Material to process Block Start

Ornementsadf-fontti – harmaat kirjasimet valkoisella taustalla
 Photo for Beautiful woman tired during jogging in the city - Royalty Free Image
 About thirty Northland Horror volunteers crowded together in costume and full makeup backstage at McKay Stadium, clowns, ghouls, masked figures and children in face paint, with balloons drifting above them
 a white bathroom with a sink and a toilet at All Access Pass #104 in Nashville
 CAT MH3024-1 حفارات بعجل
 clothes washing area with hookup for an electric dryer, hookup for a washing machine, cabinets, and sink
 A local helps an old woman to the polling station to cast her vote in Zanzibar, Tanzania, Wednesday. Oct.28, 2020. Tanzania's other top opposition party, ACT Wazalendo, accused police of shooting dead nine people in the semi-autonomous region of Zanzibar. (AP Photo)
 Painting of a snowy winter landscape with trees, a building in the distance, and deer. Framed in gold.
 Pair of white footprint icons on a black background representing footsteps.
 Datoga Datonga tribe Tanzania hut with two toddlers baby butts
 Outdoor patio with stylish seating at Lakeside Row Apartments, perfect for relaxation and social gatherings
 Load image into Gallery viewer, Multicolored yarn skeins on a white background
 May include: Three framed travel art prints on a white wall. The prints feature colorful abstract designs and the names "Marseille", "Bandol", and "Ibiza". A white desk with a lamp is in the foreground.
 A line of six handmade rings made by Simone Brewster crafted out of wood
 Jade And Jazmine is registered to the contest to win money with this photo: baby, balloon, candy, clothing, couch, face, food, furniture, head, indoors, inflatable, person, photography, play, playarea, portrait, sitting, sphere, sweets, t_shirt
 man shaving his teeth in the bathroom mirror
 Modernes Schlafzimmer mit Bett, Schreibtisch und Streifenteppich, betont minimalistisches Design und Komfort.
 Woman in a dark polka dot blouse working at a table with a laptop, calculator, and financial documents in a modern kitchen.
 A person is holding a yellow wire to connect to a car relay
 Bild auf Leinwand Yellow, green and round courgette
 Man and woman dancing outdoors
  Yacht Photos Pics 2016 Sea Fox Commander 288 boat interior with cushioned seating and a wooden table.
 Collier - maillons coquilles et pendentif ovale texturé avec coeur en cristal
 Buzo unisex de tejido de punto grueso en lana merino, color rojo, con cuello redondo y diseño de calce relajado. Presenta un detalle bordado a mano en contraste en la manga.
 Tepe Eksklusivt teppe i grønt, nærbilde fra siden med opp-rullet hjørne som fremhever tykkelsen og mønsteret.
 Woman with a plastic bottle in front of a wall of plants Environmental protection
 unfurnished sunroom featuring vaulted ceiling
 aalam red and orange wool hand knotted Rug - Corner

Material to process Block End

Start with the line above that contains "May include: Three" and end with the line that contains "Man and woman dancing outdoors". Write out those lines exactly, and only those.

**Result for this exercise:**
 May include: Three framed travel art prints on a white wall. The prints feature colorful abstract designs and the names "Marseille", "Bandol", and "Ibiza". A white desk with a lamp is in the foreground.
 A line of six handmade rings made by Simone Brewster crafted out of wood
 Jade And Jazmine is registered to the contest to win money with this photo: baby, balloon, candy, clothing, couch, face, food, furniture, head, indoors, inflatable, person, photography, play, playarea, portrait, sitting, sphere, sweets, t_shirt
 man shaving his teeth in the bathroom mirror
 Modernes Schlafzimmer mit Bett, Schreibtisch und Streifenteppich, betont minimalistisches Design und Komfort.
 Woman in a dark polka dot blouse working at a table with a laptop, calculator, and financial documents in a modern kitchen.
 A person is holding a yellow wire to connect to a car relay
 Bild auf Leinwand Yellow, green and round courgette
 Man and woman dancing outdoors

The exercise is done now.